Doch Angriffe jenseits der 6 Terabit pro Sekunde sind für viele Unternehmen weiterhin eine existentielle Gefahr. Die Infrastruktur zwischen Internet Service Providern ist oftmals besonders verwundbar, da DDoS-Angriffe oftmals darauf abzielen, diese Verbindungen zu überlasten und so die Kommunikationswege zu isolieren. Die aktuelle Lage zeigt auch, dass strafrechtliche Schritte alleine oft nicht ausreichen, um derartige Cyberbedrohungen effektiv zu bekämpfen. Die internationale Zusammenarbeit ist zwar intensiv, aber die Angreifer können relativ schnell neue Domains, Hosting-Provider und Angriffsplattformen aufbauen. Zudem ist die Verbreitung der IoT-Geräte weltweit so groß und heterogen, dass Botnetze kontinuierlich Potenzial für Expansion gewinnen.
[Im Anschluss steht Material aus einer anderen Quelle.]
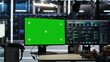 © DC Studio - Server farm engineer using node tree systems on green screen PC to categorize unstructured data. Data center IT expert uses visual programming software on mockup chroma key computer, camera B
Experten diskutieren mittlerweile sogar kontrovers, ob die Veröffentlichung von Quellcodes solcher Botnets – ähnlich wie im Fall von Mirai – der Allgemeinheit nicht helfen könnte. Zwar würde das kurzfristig zu einem Anwachsen von Nachahmungsklonen führen, jedoch könnte die Zersplitterung dazu beitragen, dass einzelne Botnetze weniger leistungsfähig sind und Angriffskapazitäten aufgeteilt werden. Außerdem könnten Sicherheitsexperten durch Einsicht in die verwendeten Schwachstellen und Exploits gezielter Gegenmaßnahmen entwickeln. Die Verteidigung gegen DDoS-Angriffe der Zukunft erfordert neben fortschrittlicher Technik auch viel Engagement von Seiten der Gerätehersteller, Gesetzgeber, Provider und Endnutzer. Wichtige Maßnahmen umfassen sichere Voreinstellungen wie zwingende Passwortänderungen bei IoT-Geräten, zeitnahe Sicherheitsupdates, Segmentierung und Isolierung kritischer Geräte im Netzwerk sowie verstärkte Überwachung des Datenverkehrs.
Der Angriff auf KrebsOnSecurity wurde zwar abgewehrt und führte zu keiner nennenswerten Störung, verdeutlicht aber das Ausmaß der Bedrohung. Für viele Webseiten, Unternehmen und sogar kritische Infrastrukturen wäre ein solcher Angriff jedoch verheerend. Die kontinuierliche Arbeit von Sicherheitsexperten, Forschern und Anbietern von Schutzdiensten bleibt daher unerlässlich. Zusammenfassend zeigt der 6,3 Tbps DDoS-Angriff auf KrebsOnSecurity die gefährliche Entwicklung im Bereich der Cyberangriffe durch IoT-Botnets, die enorme technische Kapazitäten mobilisieren. Die Transparenz rund um das Aisuru-Botnet und die Aktivitäten von Akteuren wie Forky geben zudem Einblick in die Struktur und Vermarktung von kriminalitätsorientierten Cybernetzwerken.
Nur durch eine Kombination aus technischen, legislativen und organisatorischen Maßnahmen lässt sich langfristig eine widerstandsfähigere digitale Infrastruktur schaffen, die solche Bedrohungen besser abwehren kann.